WHAT YOU ARE ASKED TO DO -> Could you copy the records below exactly, keeping none of the images?

Source records ->
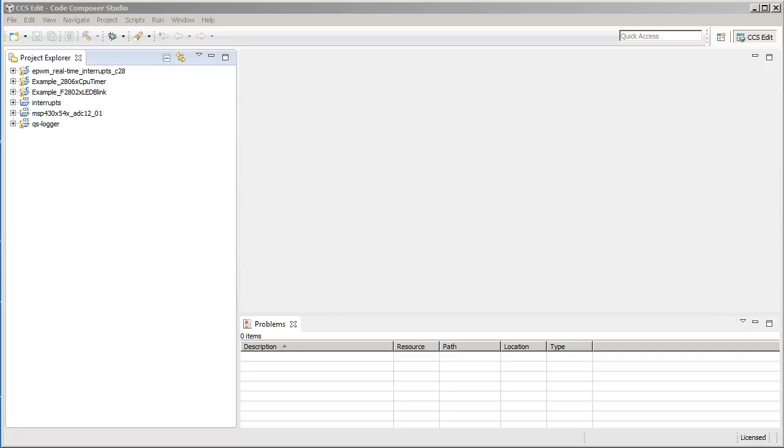This feature can be useful to organize and group your projects when working with a large number of projects. What I have here is Code Composer Studio version 6, with 6 projects open in the Project Explorer view.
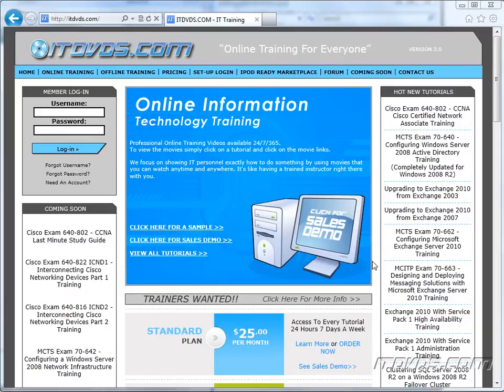Welcome to the itdvds.com YouTube channel. This is just a sample of the training available at itdvds.com. If you would like to see complete training, please go to itdvds.com. Now let's begin the sample.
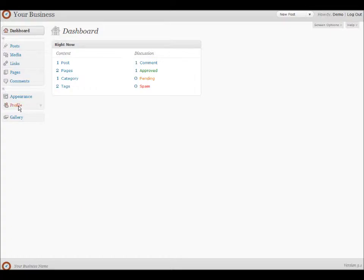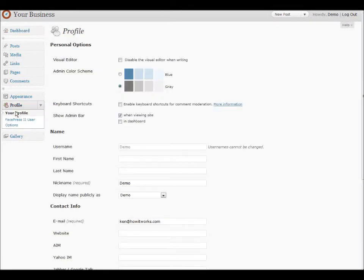The profile area we covered in the first section — where we clicked on demo and it took us there — allows us to change some of our profile settings. We'll just cover that real quick again.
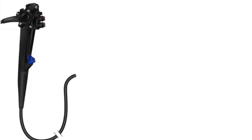So in a bleed situation, you specifically ask for or grab the scope with the bigger channel, even if it means the overall scope is a bit thicker. Absolutely. You trade off maybe a little bit of insertion ease for that critical suction capability. It's a calculated decision based on the urgency.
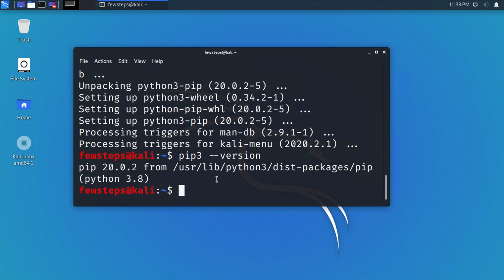So in this way you can easily install pip3 on your Kali Linux operating system. Hopefully, by watching this video, you will be able to do this. If this video is helpful and useful for you, please hit the like button and subscribe to our channel. Thank you for watching. See you in the next video.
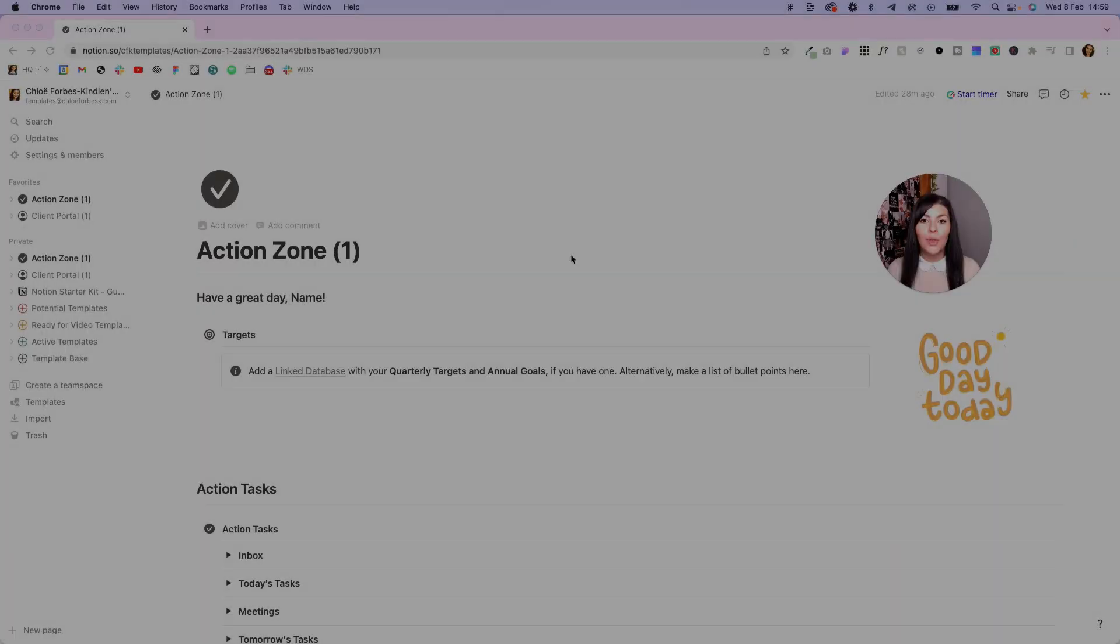I recently shared a video on how I create and manage my client portals in Notion and how I combine it with my projects database so I can manage the internal and client-facing side in one place. Now I've had a few questions on exactly how that works and how to integrate the two, so in this video I'm going to show you exactly how it's done.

RESPONSE TO THE TASK ->
This feature can be useful to organize and group your projects when working with a large number of projects. What I have here is Code Composer Studio version 6, with 6 projects open in the Project Explorer view.
Welcome to the itdvds.com YouTube channel. This is just a sample of the training available at itdvds.com. If you would like to see complete training, please go to itdvds.com. Now let's begin the sample.
The profile area we covered in the first section — where we clicked on demo and it took us there — allows us to change some of our profile settings. We'll just cover that real quick again.
So in a bleed situation, you specifically ask for or grab the scope with the bigger channel, even if it means the overall scope is a bit thicker. Absolutely. You trade off maybe a little bit of insertion ease for that critical suction capability. It's a calculated decision based on the urgency.
So in this way you can easily install pip3 on your Kali Linux operating system. Hopefully, by watching this video, you will be able to do this. If this video is helpful and useful for you, please hit the like button and subscribe to our channel. Thank you for watching. See you in the next video.
I recently shared a video on how I create and manage my client portals in Notion and how I combine it with my projects database so I can manage the internal and client-facing side in one place. Now I've had a few questions on exactly how that works and how to integrate the two, so in this video I'm going to show you exactly how it's done.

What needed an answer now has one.